SUPPLIED RECORDS:
--
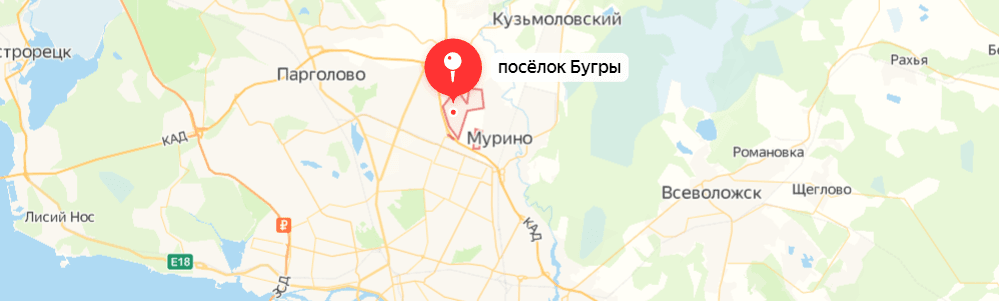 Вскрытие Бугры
--
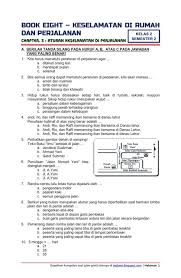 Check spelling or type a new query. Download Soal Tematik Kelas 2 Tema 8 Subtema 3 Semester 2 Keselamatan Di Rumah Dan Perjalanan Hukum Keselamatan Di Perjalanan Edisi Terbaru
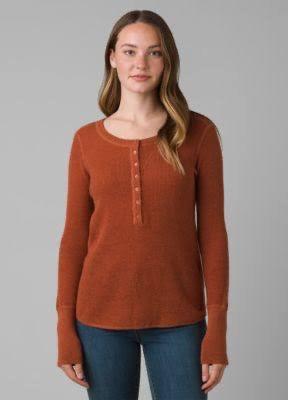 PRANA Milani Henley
--
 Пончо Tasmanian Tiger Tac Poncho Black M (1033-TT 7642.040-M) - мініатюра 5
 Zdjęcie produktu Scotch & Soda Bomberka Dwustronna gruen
--
TASK REQUIREMENTS: After locating the line with "Пончо Tasmanian Tiger" in the material above, return it and each line after it exactly, ending at the line with "Zdjęcie produktu Scotch".

SOLVED EXERCISE:
 Пончо Tasmanian Tiger Tac Poncho Black M (1033-TT 7642.040-M) - мініатюра 5
 Zdjęcie produktu Scotch & Soda Bomberka Dwustronna gruen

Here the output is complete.